• [Your instructions] Below are lines of data, and only some are wanted. Please repeat exactly those from the line that has "Pita Sandwich Mit" through the line that has "1 Bedroom Property".

• [Data provided]
►

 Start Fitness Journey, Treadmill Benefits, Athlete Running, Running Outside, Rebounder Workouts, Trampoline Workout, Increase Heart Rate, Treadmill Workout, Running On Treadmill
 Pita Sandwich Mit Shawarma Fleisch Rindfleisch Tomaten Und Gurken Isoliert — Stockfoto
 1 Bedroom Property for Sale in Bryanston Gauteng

◄
►

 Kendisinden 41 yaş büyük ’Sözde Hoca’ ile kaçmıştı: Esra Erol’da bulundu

◄
►

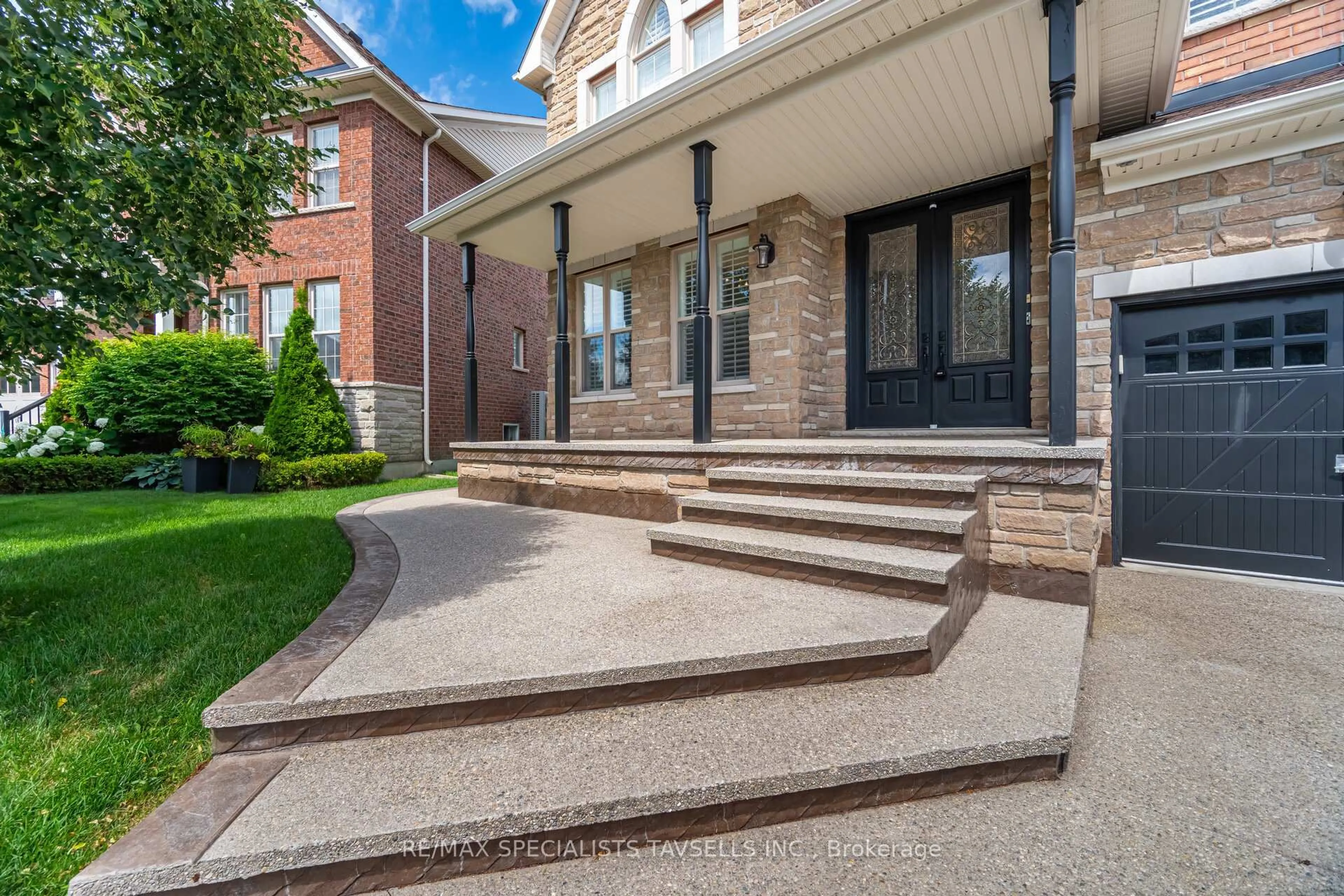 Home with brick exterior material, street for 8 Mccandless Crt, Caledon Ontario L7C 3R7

◄

• [Result]
 Pita Sandwich Mit Shawarma Fleisch Rindfleisch Tomaten Und Gurken Isoliert — Stockfoto
 1 Bedroom Property for Sale in Bryanston Gauteng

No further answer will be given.